Nation contributing editor Stephen F. Cohen and John Batchelor continue their weekly discussions of the new US-Russian Cold War. (Previous installments are at TheNation.com.) For nearly three years, Cohen has lamented the absence any pro-détente movement or leader in the US political-media establishment as the new Cold War grows more dangerous than was its 40-year predecessor. In his own elliptical and often crude (or non-wonkish) way, Trump has been proposing a new détente-like relationship with Putin’s Russia, as opposed to Hillary Clinton’s longstanding hawkish and anti-Putin stances. Instead of engaging Trump on these issues, political-media elites, including the Clinton campaign itself, have assailed him with McCarthyite allegations of being Putin’s “puppet,” “agent,” “Manchurian candidate,” and “Kremlin client.”
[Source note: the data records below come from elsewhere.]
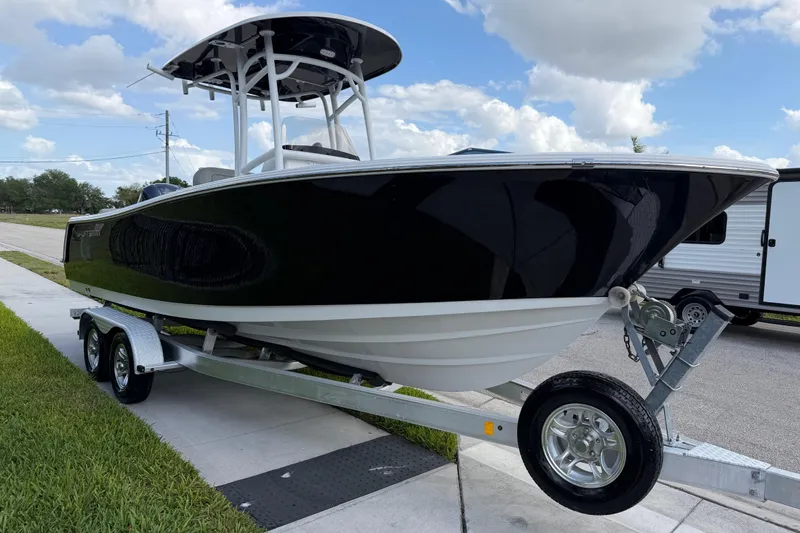 Slide: The Image of 2016 Sportsman Heritage 231 Center Console boat on trailer, parked outdoors. - 19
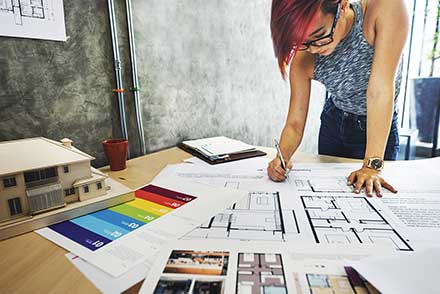 A TWU student working with plans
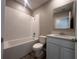 Modern bathroom featuring a tub/shower combination and a sleek vanity with storage at 3950 Alba Dr, Indian Lake Estates, FL 33855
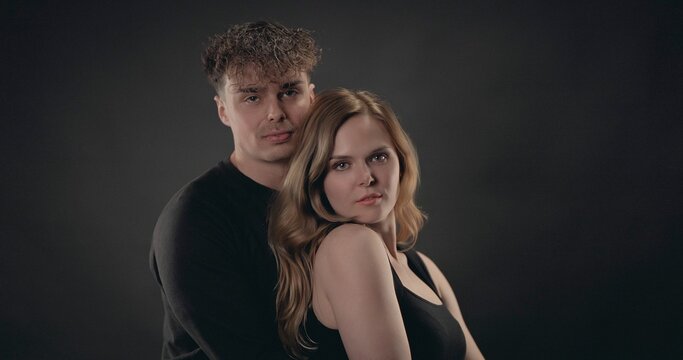 Young couple embracing, showing relationship and togetherness in studio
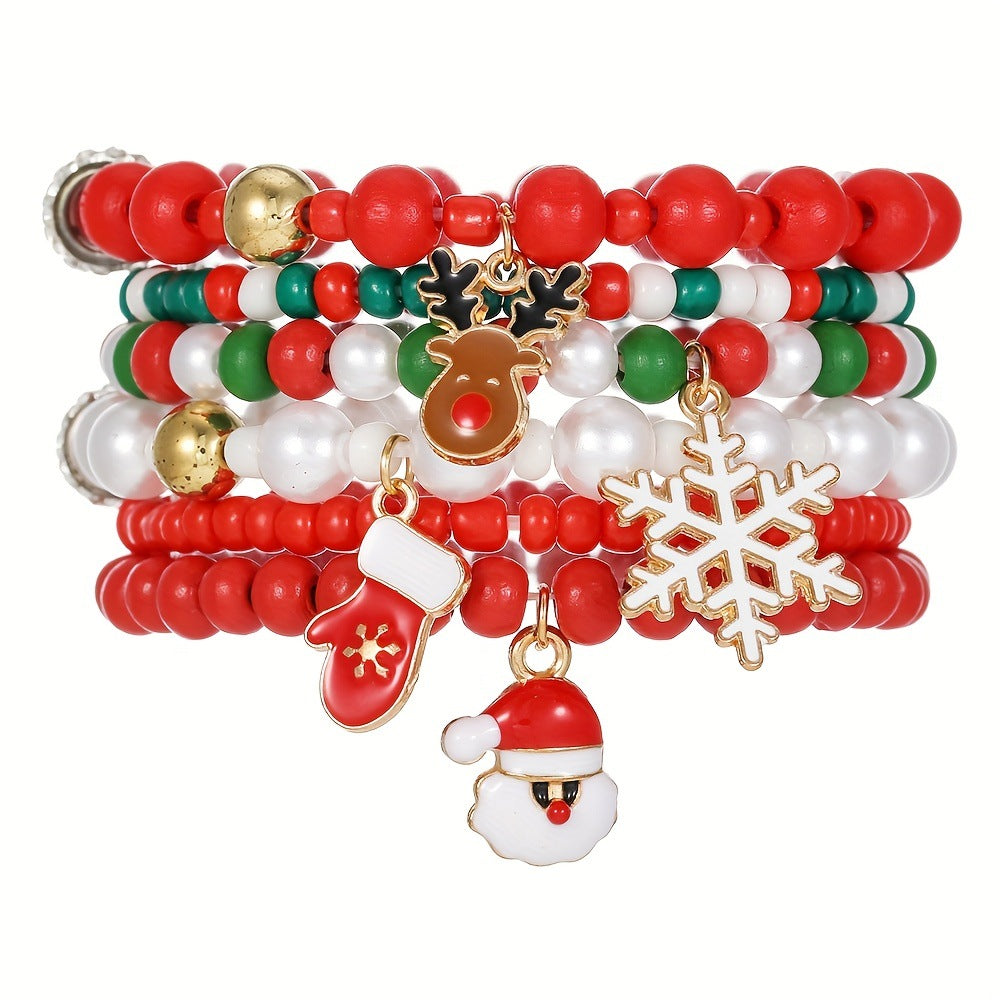 Christmas bracelet set with reindeer bells, Christmas tree beads, and woven polymer clay.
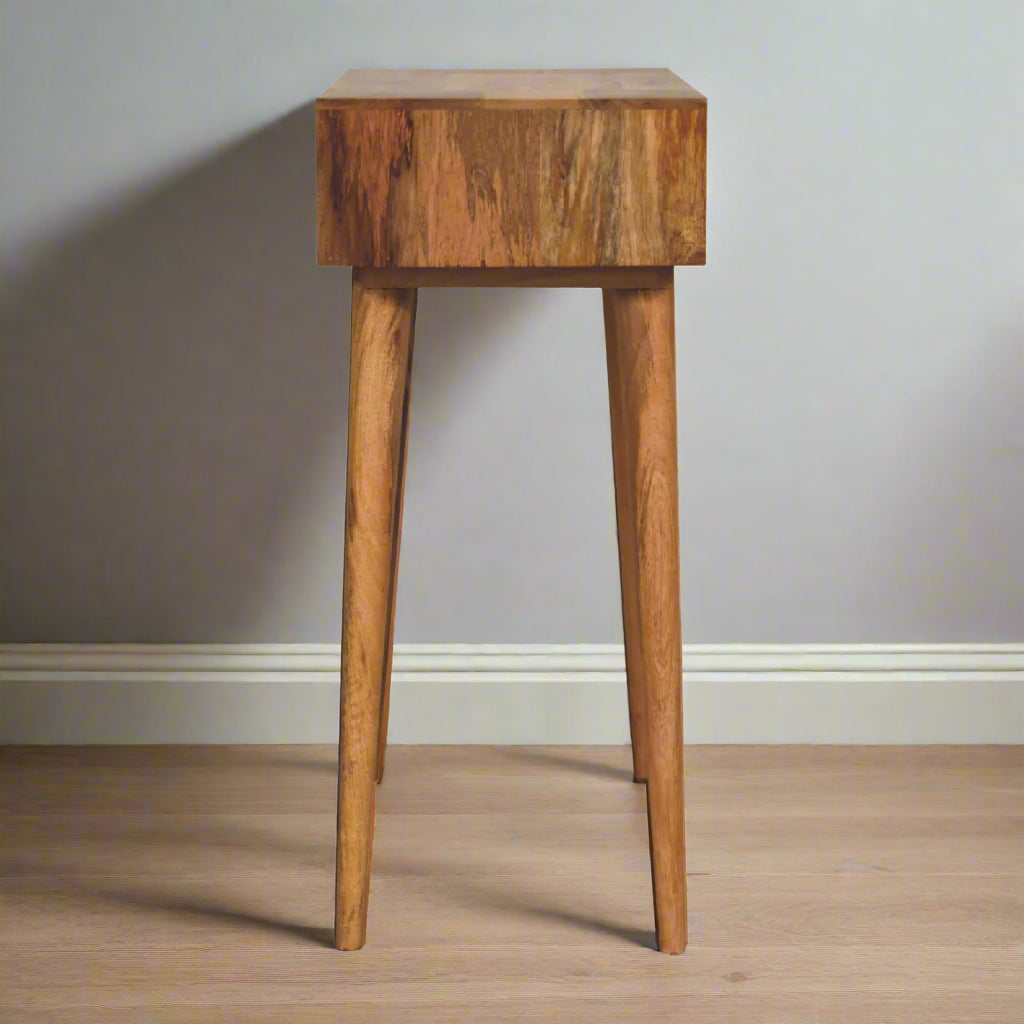Side view of the cut out hand painted mini dressing table, showcasing, pink paint and an oakish-finish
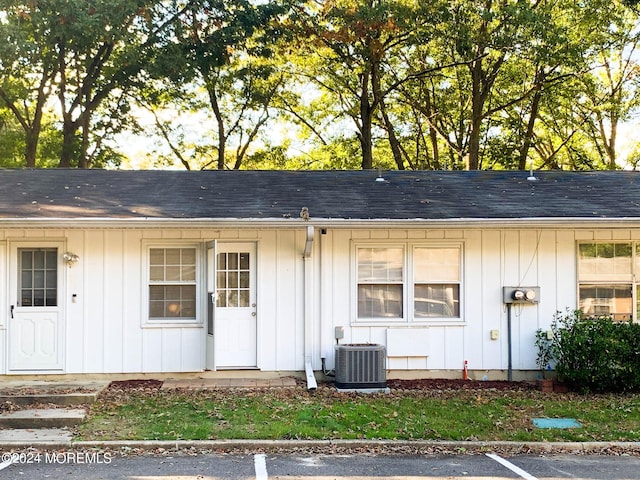 ranch-style home featuring central air condition unit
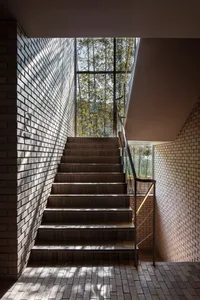 A rustic staircase with brick steps and a window on one side, surrounded by a sense of depth and dimension within a building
Whatever their feelings about the rest of Trump’s campaign, Cohen and Batchelor explore the important détente-like stands he has expressed on vital issues of the new Cold War, from the role of NATO and the Ukrainian crisis to Western sanctions and Syria. Whatever the validity of Trump’s positions, some of them actually coincide with Obama administration policy and proposals by factions inside the administration. All of these issues have long been discussed by Cohen and Bachelor, but Trump’s apparent willingness to offer a new Russia policy—one that breaks with 25 years of bipartisan consensus—gives them an opportunity to revisit the issues in a more urgent political way.
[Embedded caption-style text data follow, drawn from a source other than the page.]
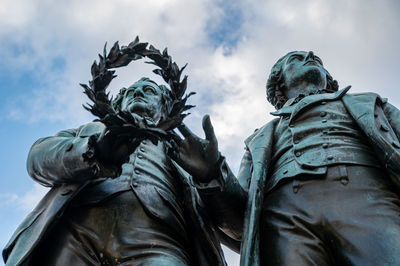 Low angle view of statue against sky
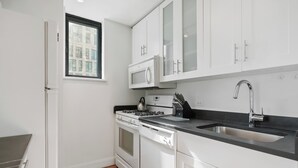 A modern kitchen with white cabinetry, a stainless steel sink, and a built-in microwave.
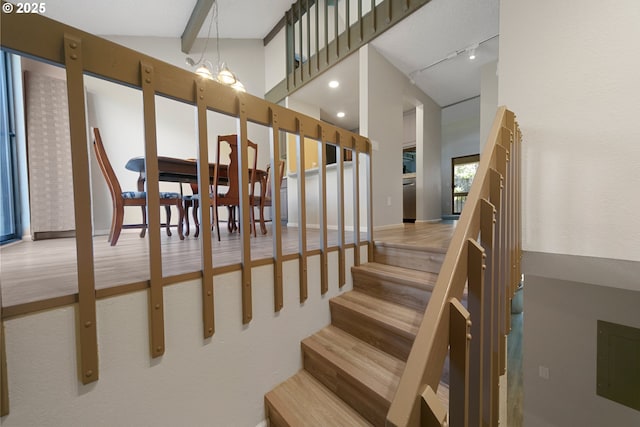 43605 State Highway 38 Unit 9, Reedsport, OR 97467 - staircase with wood finished floors, a towering ceiling, rail lighting, a chandelier, and baseboards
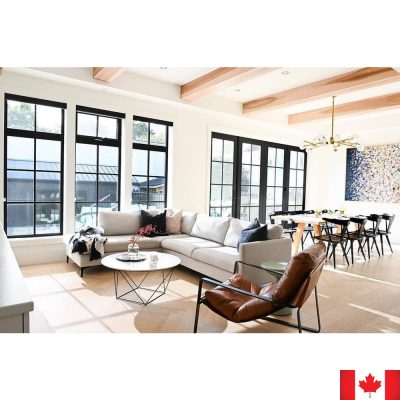 Large living room with light grey sectional sofa. Has slim boxy arms, and a silver metal leg.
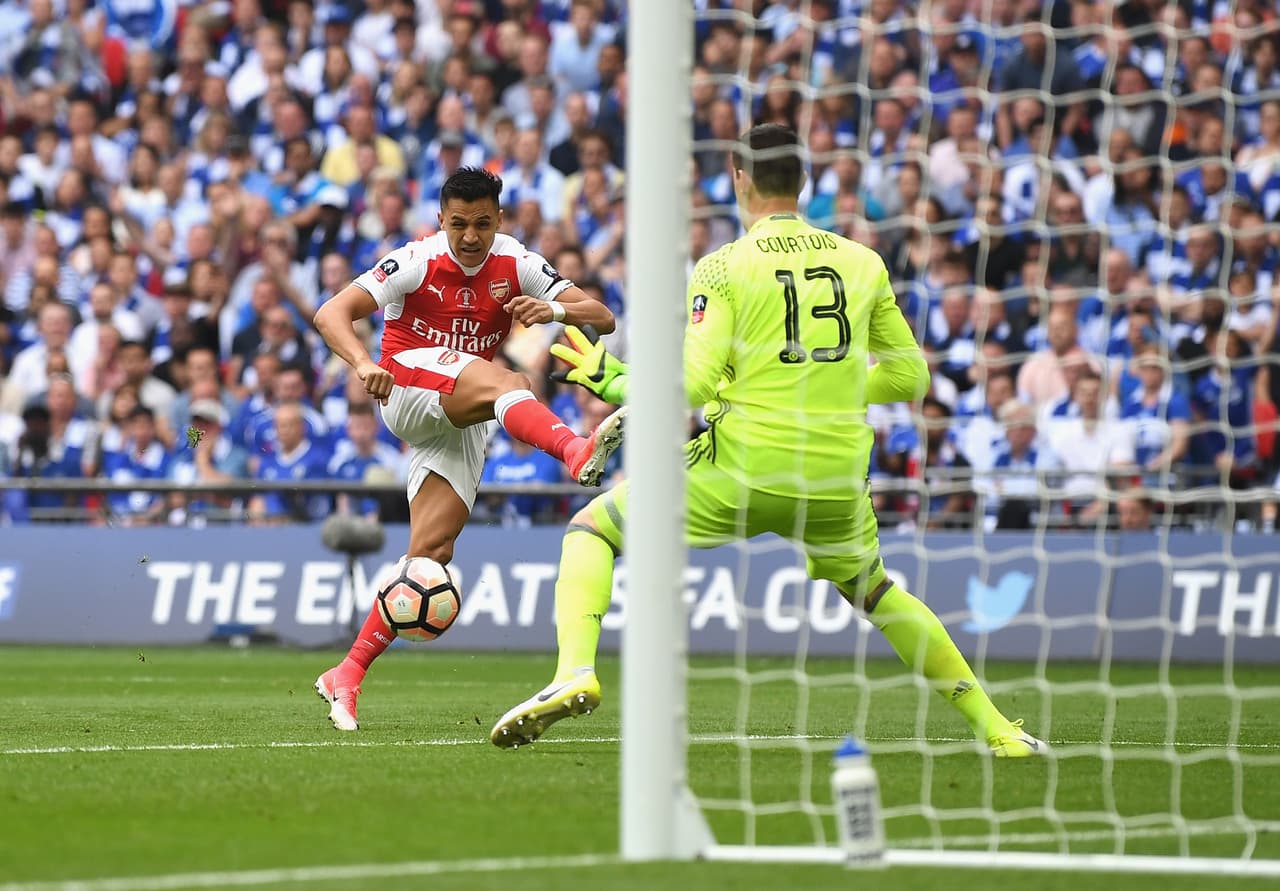 LONDON, ENGLAND - MAY 27: Alexis Sanchez of Arsenal scores his teams first goal during The Emirates FA Cup Final between Arsenal and Chelsea at Wembley Stadium on May 27, 2017 in London, England. (Photo by Mike Hewitt/Getty Images)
The installment ends with a discussion of ongoing developments in Syria, particularly in Aleppo, where Russian and Syrian government forces have opened four safe-conduct routes from the embattled city still held by jihadists and their allies. This appears to be prelude to a major Russian-Syrian military campaign to retake this major city, which would be a turning point in the war and open the way to the Islamic State’s de facto capital, Raqqa, and onward to the Turkish border. Cohen recalls that Putin had asked Obama to join in the campaign, but opposition in his own administration apparently prevented Obama from agreeing, though that could still change. In any event, the taking of Aleppo could well be the end of the Islamic State in Syria.